DATA LISTING:
=== Begin Enclosure ===

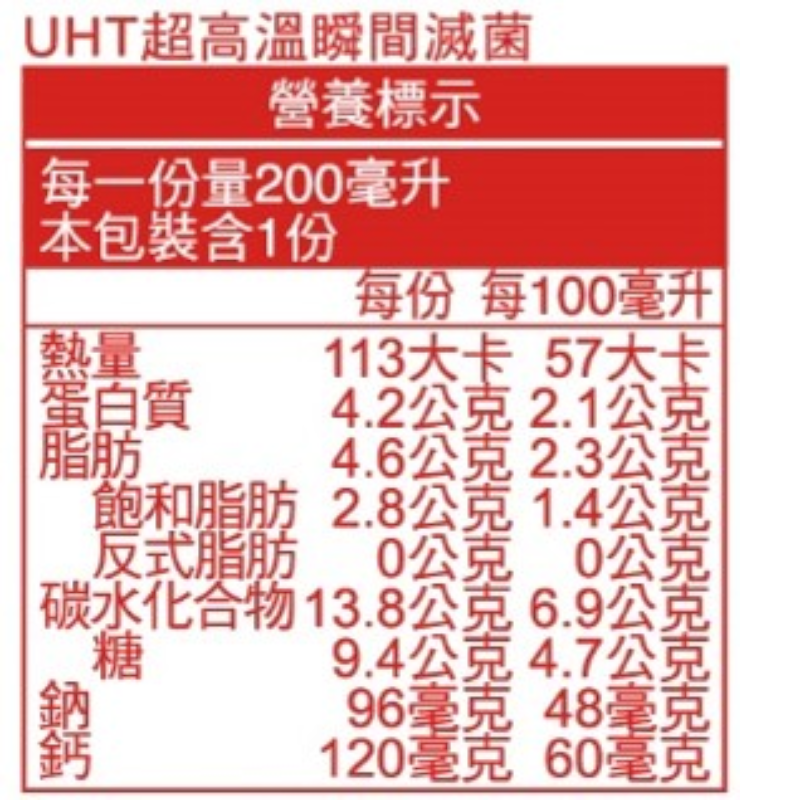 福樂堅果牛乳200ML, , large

=== End Enclosure ===
=== Begin Enclosure ===

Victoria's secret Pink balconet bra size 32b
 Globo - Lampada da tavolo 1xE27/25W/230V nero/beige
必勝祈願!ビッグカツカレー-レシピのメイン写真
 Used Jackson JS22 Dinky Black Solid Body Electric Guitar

=== End Enclosure ===

WHAT THE TASK REQUIRES: From the material above, retype precisely the lines between the line holding "Victoria's secret Pink balconet bra size 32b" and the line holding "Used Jackson JS22", inclusive, and nothing beyond them.

SOLUTION FOR THIS PROBLEM:
Victoria's secret Pink balconet bra size 32b
 Globo - Lampada da tavolo 1xE27/25W/230V nero/beige
必勝祈願!ビッグカツカレー-レシピのメイン写真
 Used Jackson JS22 Dinky Black Solid Body Electric Guitar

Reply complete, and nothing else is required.